▸ How to complete this task:
What is needed is a word-for-word copy of the lines below from the one with "Front right window" through the one with "Wille 355 B Taajamakoneet", both included, with every picture left out.

▸ Data listing:
____
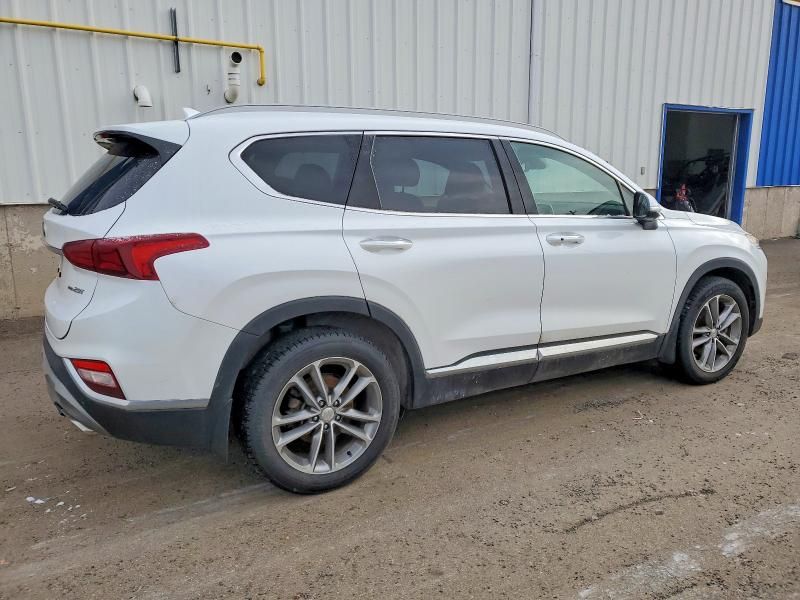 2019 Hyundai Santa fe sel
____
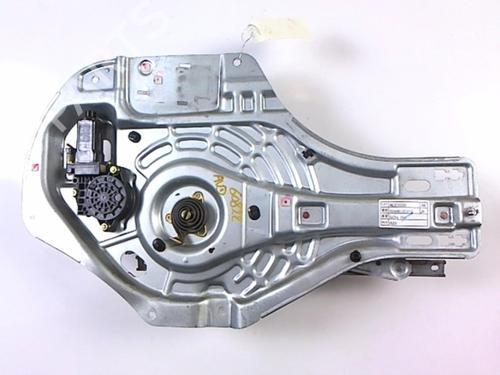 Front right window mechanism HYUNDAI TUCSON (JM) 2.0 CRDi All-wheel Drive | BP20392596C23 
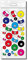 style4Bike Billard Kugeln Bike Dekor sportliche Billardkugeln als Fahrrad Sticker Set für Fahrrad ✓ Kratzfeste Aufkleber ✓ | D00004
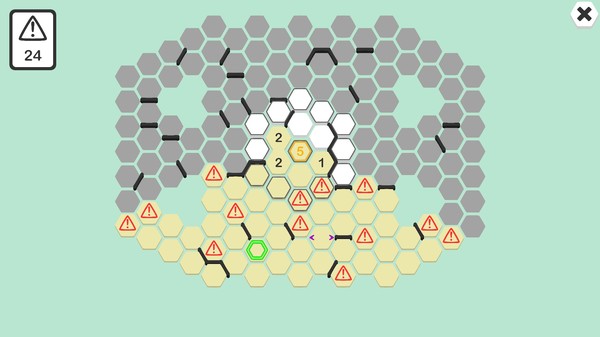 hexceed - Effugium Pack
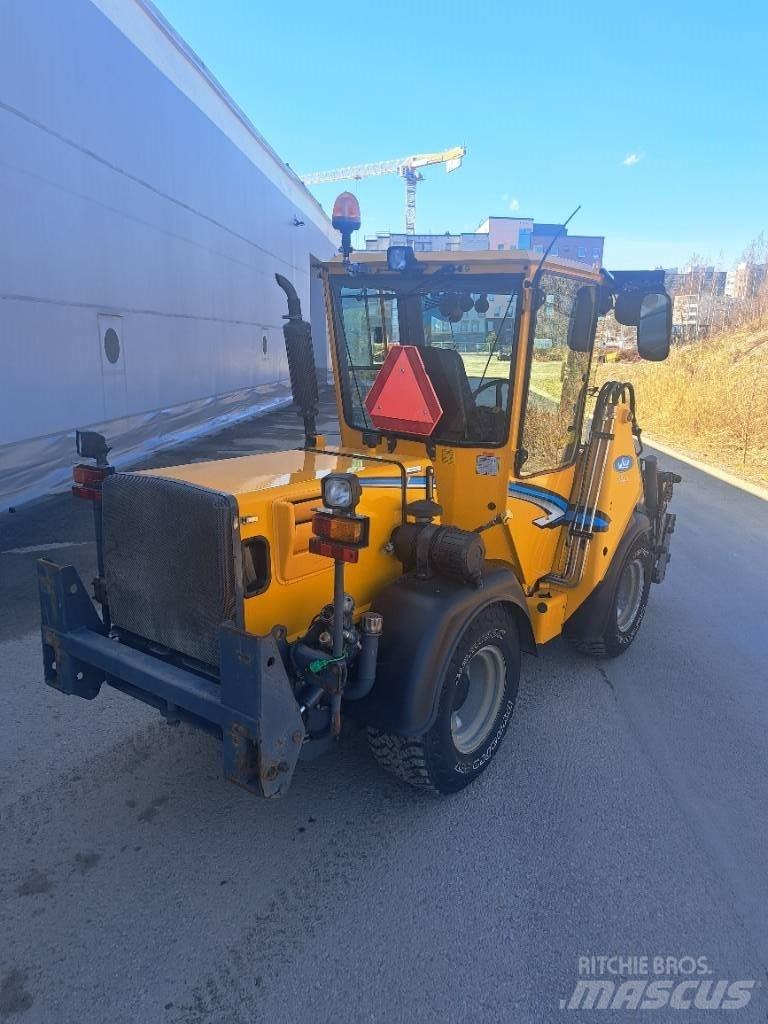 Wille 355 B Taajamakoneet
____
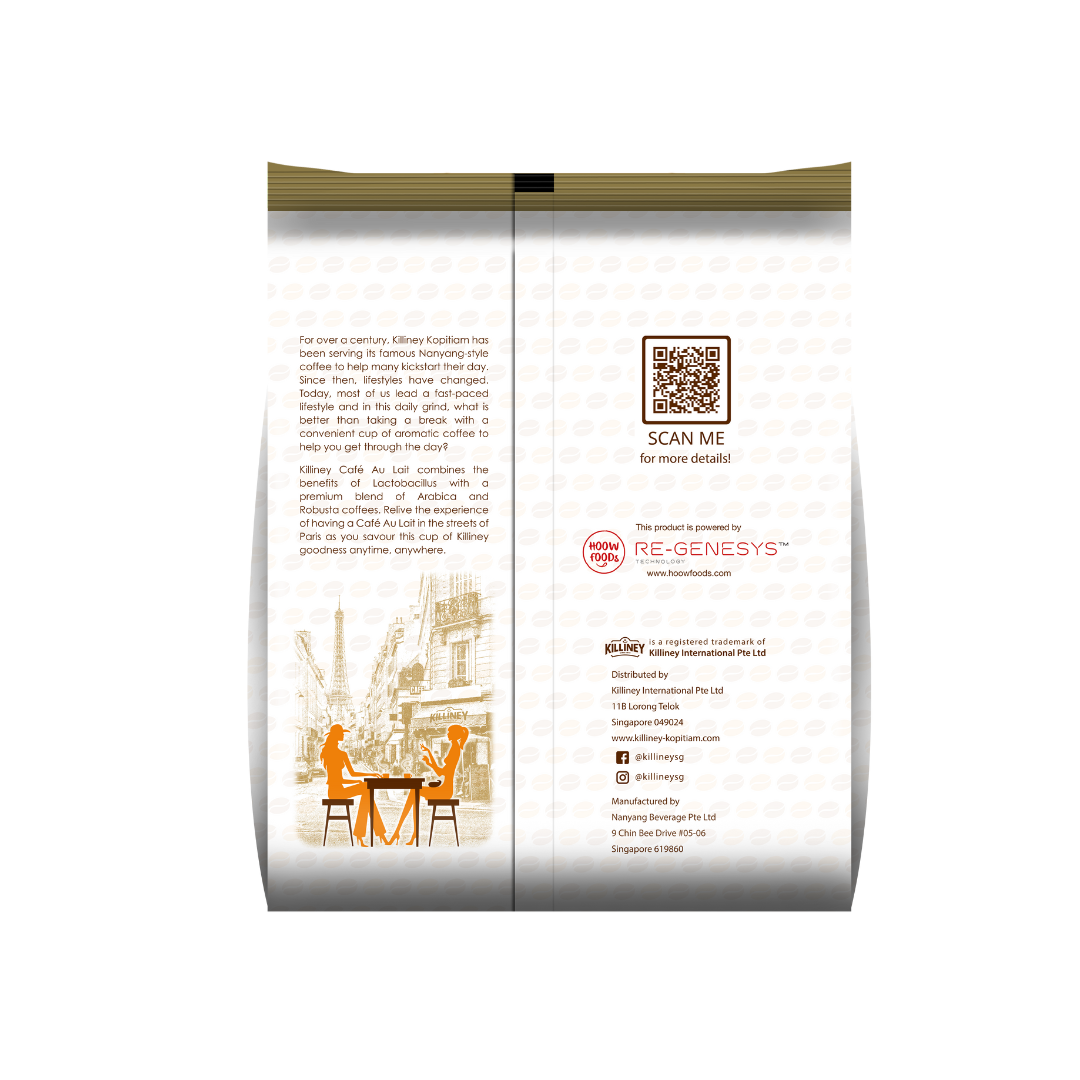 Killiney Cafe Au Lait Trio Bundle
____
▸ Expected answer:
 Front right window mechanism HYUNDAI TUCSON (JM) 2.0 CRDi All-wheel Drive | BP20392596C23 
 style4Bike Billard Kugeln Bike Dekor sportliche Billardkugeln als Fahrrad Sticker Set für Fahrrad ✓ Kratzfeste Aufkleber ✓ | D00004
 hexceed - Effugium Pack
 Wille 355 B Taajamakoneet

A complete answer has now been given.